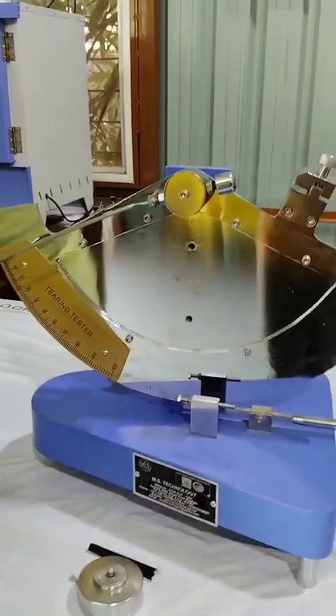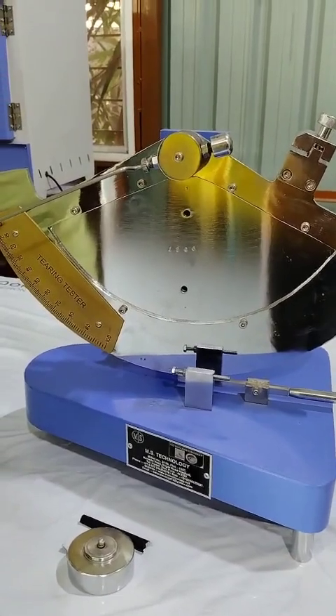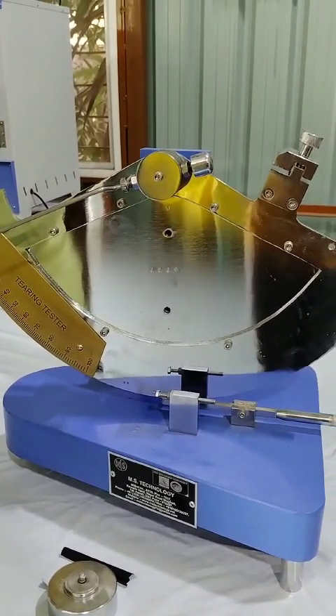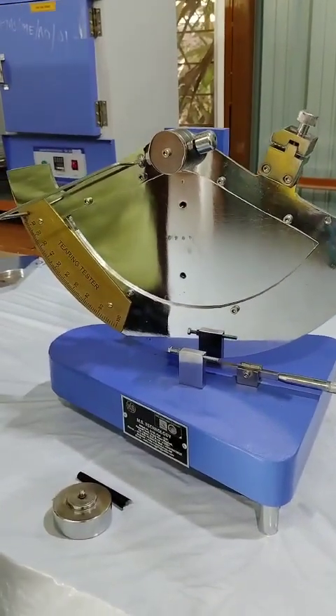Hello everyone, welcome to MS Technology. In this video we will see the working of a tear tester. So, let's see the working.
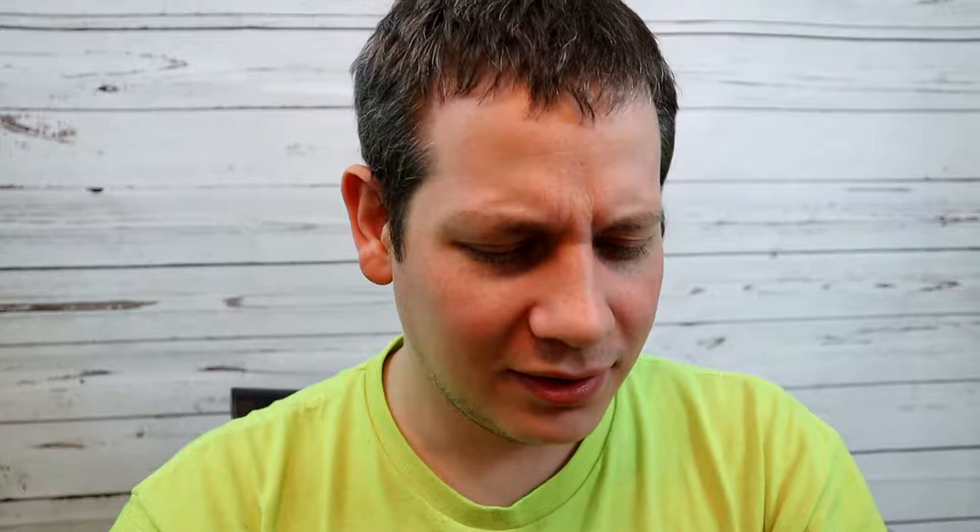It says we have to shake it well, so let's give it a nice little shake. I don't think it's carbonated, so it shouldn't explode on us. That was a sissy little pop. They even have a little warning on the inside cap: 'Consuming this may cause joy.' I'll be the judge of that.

--

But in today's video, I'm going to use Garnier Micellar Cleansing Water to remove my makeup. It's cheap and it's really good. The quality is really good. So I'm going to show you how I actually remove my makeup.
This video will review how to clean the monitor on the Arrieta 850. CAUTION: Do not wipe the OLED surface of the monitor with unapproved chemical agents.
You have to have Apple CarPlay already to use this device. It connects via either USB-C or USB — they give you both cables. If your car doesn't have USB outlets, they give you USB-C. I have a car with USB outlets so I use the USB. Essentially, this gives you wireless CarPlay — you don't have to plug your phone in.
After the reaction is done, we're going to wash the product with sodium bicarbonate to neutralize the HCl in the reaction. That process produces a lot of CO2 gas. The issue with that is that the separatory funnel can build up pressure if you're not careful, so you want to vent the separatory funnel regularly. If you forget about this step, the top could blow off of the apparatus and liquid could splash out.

---

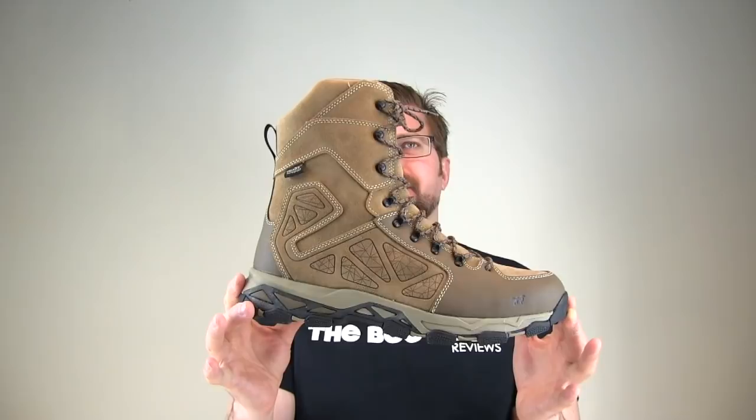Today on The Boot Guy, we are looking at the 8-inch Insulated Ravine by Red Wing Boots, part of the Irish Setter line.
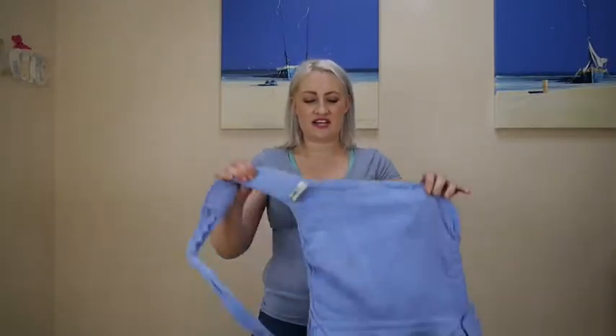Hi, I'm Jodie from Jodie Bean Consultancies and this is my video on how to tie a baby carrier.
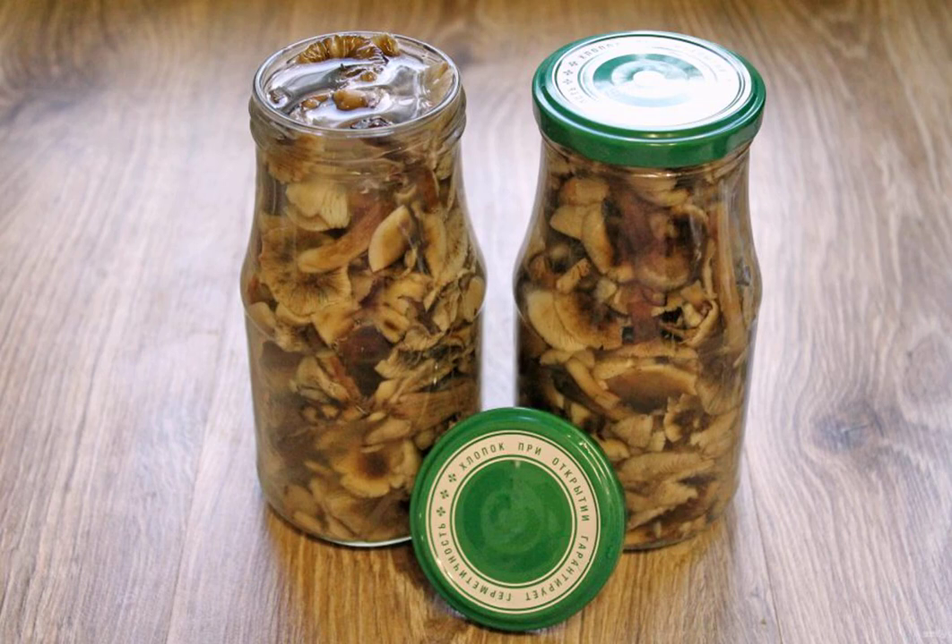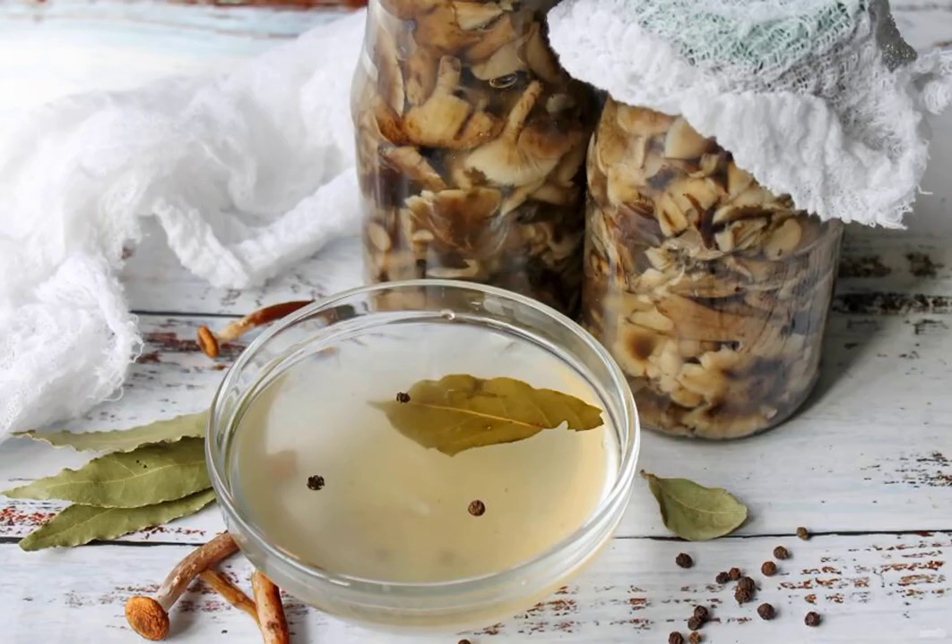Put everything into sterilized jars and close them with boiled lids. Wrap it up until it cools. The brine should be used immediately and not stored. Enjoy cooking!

### WHAT IS NEEDED
Return exactly the stretch above whose first line contains "Hi, I'm Jodie" and whose last line contains "Put everything into", and nothing outside it. The pictures should not appear.

### SOLUTION
Hi, I'm Jodie from Jodie Bean Consultancies and this is my video on how to tie a baby carrier.
Put everything into sterilized jars and close them with boiled lids. Wrap it up until it cools. The brine should be used immediately and not stored. Enjoy cooking!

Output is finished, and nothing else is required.